# [Exercise]
Take the data below and extract the lines from the one with "اعدام در مشهد ؛ توضیح دادگستری خراسان رضوی" to the one with "英超球队的比赛数据统计", inclusive, exactly as written.

# [Records shown]
--- --- ---

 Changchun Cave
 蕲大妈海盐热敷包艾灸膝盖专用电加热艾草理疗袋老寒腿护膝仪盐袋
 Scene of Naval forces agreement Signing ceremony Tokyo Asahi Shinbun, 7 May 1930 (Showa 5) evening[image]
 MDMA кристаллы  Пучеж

--- --- ---

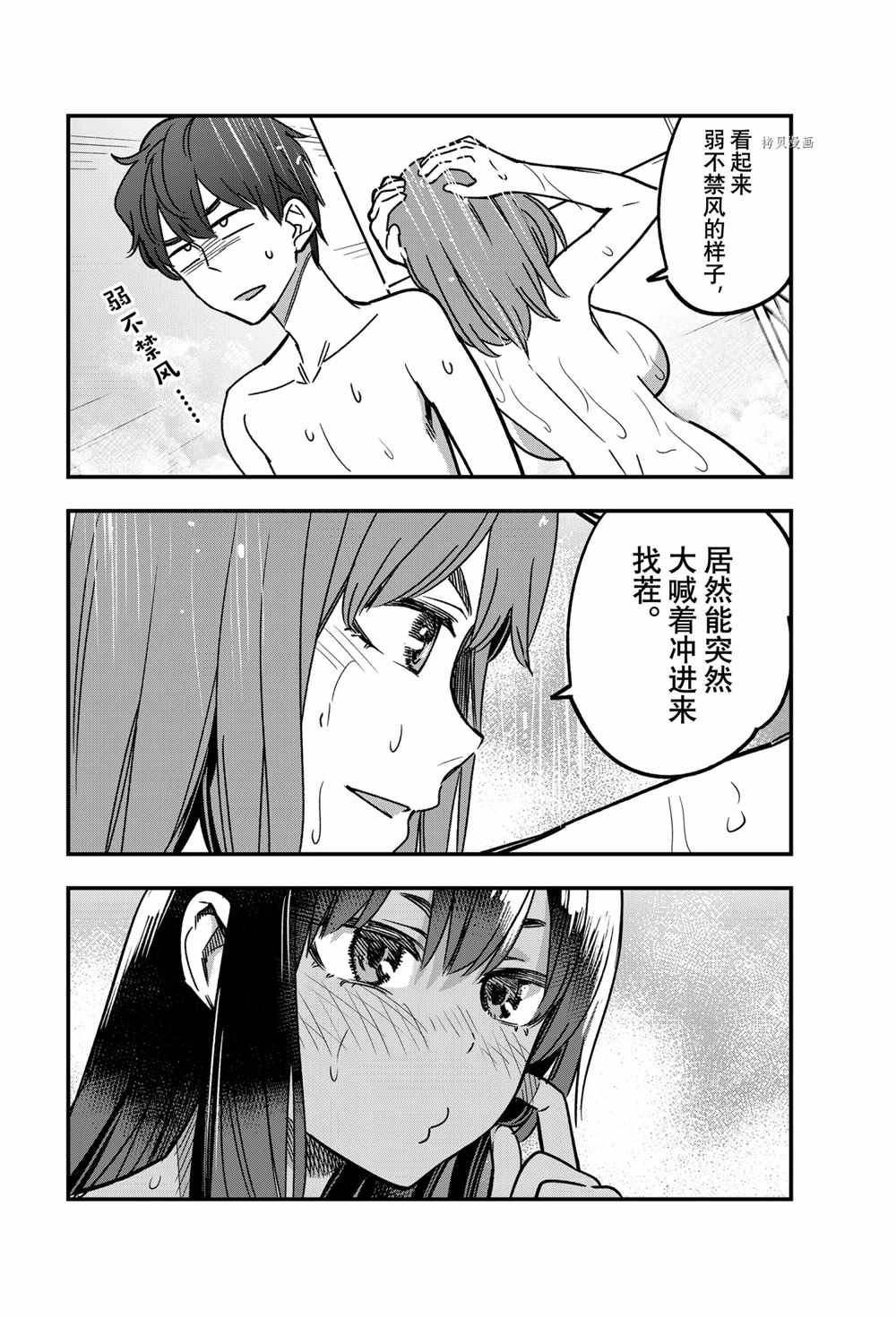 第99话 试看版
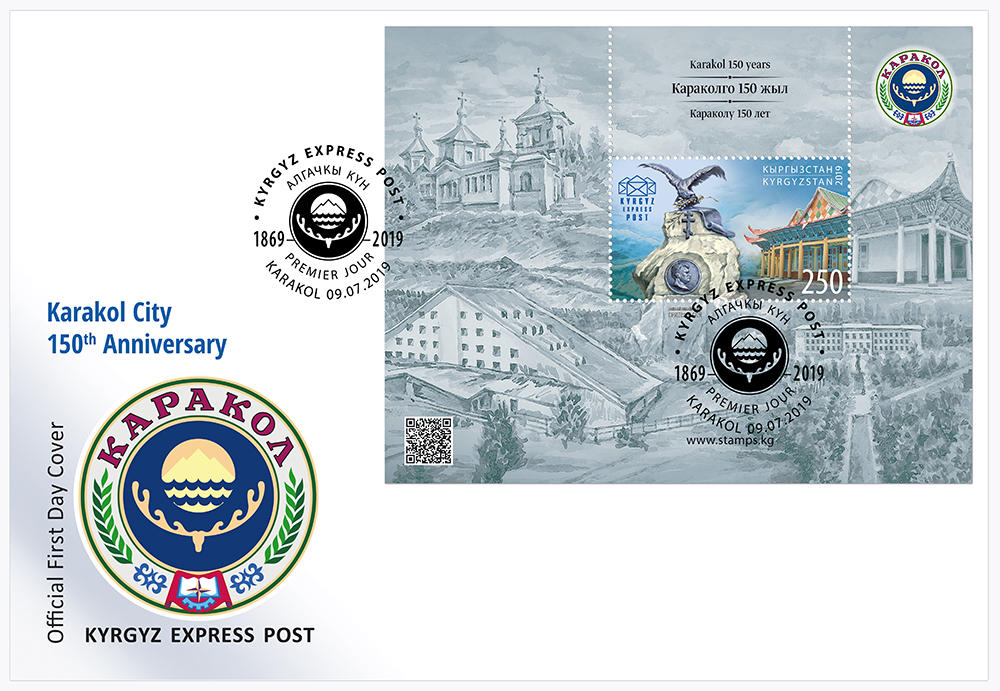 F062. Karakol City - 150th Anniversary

--- --- ---

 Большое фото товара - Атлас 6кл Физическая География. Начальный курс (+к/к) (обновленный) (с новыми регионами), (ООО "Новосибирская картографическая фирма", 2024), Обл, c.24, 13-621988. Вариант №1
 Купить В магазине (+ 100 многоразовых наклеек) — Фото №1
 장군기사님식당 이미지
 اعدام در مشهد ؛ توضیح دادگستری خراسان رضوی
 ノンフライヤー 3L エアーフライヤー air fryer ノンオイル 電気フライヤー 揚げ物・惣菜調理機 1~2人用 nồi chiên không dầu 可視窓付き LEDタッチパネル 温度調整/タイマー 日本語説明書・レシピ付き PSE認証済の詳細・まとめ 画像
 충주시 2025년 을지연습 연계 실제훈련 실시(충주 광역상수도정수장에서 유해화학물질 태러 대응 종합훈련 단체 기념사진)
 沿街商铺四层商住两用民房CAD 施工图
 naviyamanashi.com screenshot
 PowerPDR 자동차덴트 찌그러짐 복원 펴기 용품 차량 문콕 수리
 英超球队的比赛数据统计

--- --- ---

# [Solution below]
 اعدام در مشهد ؛ توضیح دادگستری خراسان رضوی
 ノンフライヤー 3L エアーフライヤー air fryer ノンオイル 電気フライヤー 揚げ物・惣菜調理機 1~2人用 nồi chiên không dầu 可視窓付き LEDタッチパネル 温度調整/タイマー 日本語説明書・レシピ付き PSE認証済の詳細・まとめ 画像
 충주시 2025년 을지연습 연계 실제훈련 실시(충주 광역상수도정수장에서 유해화학물질 태러 대응 종합훈련 단체 기념사진)
 沿街商铺四层商住两用民房CAD 施工图
 naviyamanashi.com screenshot
 PowerPDR 자동차덴트 찌그러짐 복원 펴기 용품 차량 문콕 수리
 英超球队的比赛数据统计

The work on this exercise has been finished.